START Information supplied

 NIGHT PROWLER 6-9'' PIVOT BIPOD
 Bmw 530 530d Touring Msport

END Information supplied
START Information supplied

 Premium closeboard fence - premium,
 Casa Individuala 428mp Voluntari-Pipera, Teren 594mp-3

END Information supplied

Give the exact lines, and only those, from the line containing "NIGHT PROWLER 6-9'' PIVOT BIPOD" through the line containing "Bmw 530 530d Touring Msport" in the entries above.

 NIGHT PROWLER 6-9'' PIVOT BIPOD
 Bmw 530 530d Touring Msport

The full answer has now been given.